In general, the luminance of the backlight is adjusted to provide the desired brightness of the backlight display device. A driver circuit controls the backlight luminance by increasing or decreasing the drive current to the backlight. The drive current typically is adjusted in relation to the environment and user preferences. A poorly-lit environment usually requires less brightness, and thus a lower drive current, than a brightly-lit environment. Different users may have different desired brightness levels. The brightness may be changed automatically or manually. The backlight display device may have a switch, a keypad, a touch screen, a remote device, or the like to adjust the brightness. The backlight display device may have an automatic brightness control system, which also may include manual adjustments to brightness.
The backlight luminance is proportionate to the drive current.

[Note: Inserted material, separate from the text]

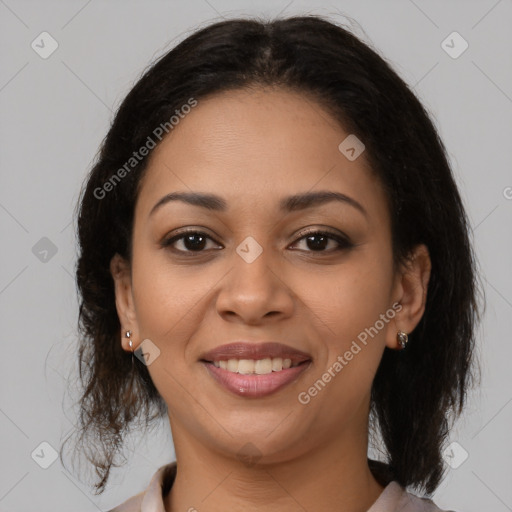 Joyful latino young-adult female with medium  brown hair and brown eyes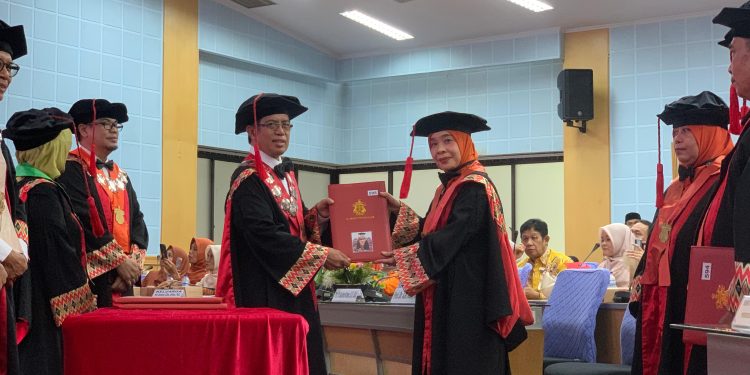 Prof Dr Gustiana A Kambo SIP MSi (kanan) saat menerima buku kode etik anggota Dewan Profesor Unhas pada pengukuhan dan penerimaan anggota Dewan Profesor Unhas di Ruang Rapat Senat Lantai 2, Gedung Rektorat Unhas, Selasa (05/08). Foto: IDENTITAS/Masyita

However, the efficiency of the backlight may change during operation of the backlight display device. The changing efficiency varies the backlight luminance and hence the brightness of the backlight display device. The efficiency of the backlight display device usually is low at start-up and then increases during a xe2x80x9cwarm-upxe2x80x9d period. The efficiency may or may not be proportional to temperature. The efficiency during start-up may be very low, thus providing a dim or no image until the warm-up period is completed. To reduce the warm-up period, some backlights have resistive wire wrapped around the backlight or other backlight heater techniques. Some backlights are designed to quickly self-heat. Even after the warm-up period, the efficiency of the backlight may change during operation of the backlight display device, such as when the backlight display device moves through colder and warmer ambient conditions. The backlight efficiency may change due to the drive current level itself. Higher drive currents tend to increase the backlight temperature and lower drive currents tend to decrease the backlight temperature, thus changing the efficiency. The backlight efficiency also may change for other reasons such as little or no lumen maintenance over time and variations in thermal resistance and circuit operation. Unless the drive current is adjusted for changes in the efficiency of the backlight, the brightness of the backlight display device may vary during operation. A user also may adjust or readjust the brightness in response to the changing brightness.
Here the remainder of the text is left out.